大宮氏は、1975年大阪生まれ。東京大学薬学部卒業後、電通に入社。CMプランナー、コピーライターとして、ネスカフェゴールドブレンド、スカイパーフェクTV!、ロッテ「トッポ」、大和ハウス工業、グリコなどのCMや山崎まさよしのミュージックビデオを手がけた。
2005年に、自身がコピー、企画を手がけ、吉田大八監督が演出したH&I(エイチアンドアイ)意見広告「屋上の少女」でTCC新人賞(東京コピーライターズクラブ)を受賞した。
「屋上の少女」
広告の仕事と並行して、2004年にNNK「プロフェッショナル」の立ち上げに参加したほか、「謎のホームページ サラリーマンNEO」の構成・脚本、「エルポポラッチがゆく‼」の企画・キャスティング・脚本などを手がけている。2006年にはスピッツのベスト盤のために制作した71分のミュージックシネマ「海でのはなし。」(後に劇場公開)で初めて監督を務めた。「海でのはなし。」は、半日で脚本を書き上げ、2日で撮影をしたという逸話を持つ。
2006年5月の独立後は、脚本家、演出家、作家、ラジオのパーソナリティなど、多方面で活躍。また、2012年に東京国立博物館の法隆寺宝物館にてモンブラン国際賞受賞の福武總一郎氏へのお祝いとして、急遽ライブペインティングを依頼されて制作した作品「お祝いの調べ:直島」がきっかけで絵画制作を始める。

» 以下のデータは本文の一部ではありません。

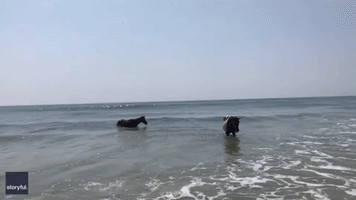 Maryland Ponies Head to Beach During Heat Wave
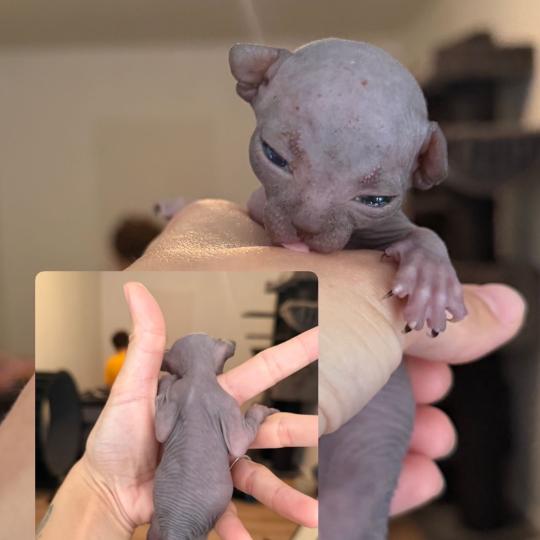 chaton Sphynx Chatterie Des Joyaux d’Égypte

近年は画家として国内外のギャラリーや美術館で作品を発表している。さらに自身の絵を使い、監督したVR映画「周波数」は第80回ヴェネチア国際映画祭XR部門にノミネートされている。2024年秋には、京都・妙心寺山内桂春院で重要文化財 狩野山雪の襖絵とのコラボレーション展を開催した。
電通からの独立直後のインタビューでは、「依頼を受けて何かを作るときは、全てにおいて、その依頼者やタレントとの距離感を保つことを心がけています。自分は靴職人のようなものだと思っていて、その人に合った靴を作るのが仕事。だけど、言われたままのものを作るのでは、職人に頼んだ意味がないと思っています」(『ブレーン』2006年11月号)と話している。
2024年12月に開催されたTCC賞授賞式では、TCC会員の井村光明氏と二人で司会を務めた。
葬儀は親族・近親者のみで行い、お別れの会の開催については未定。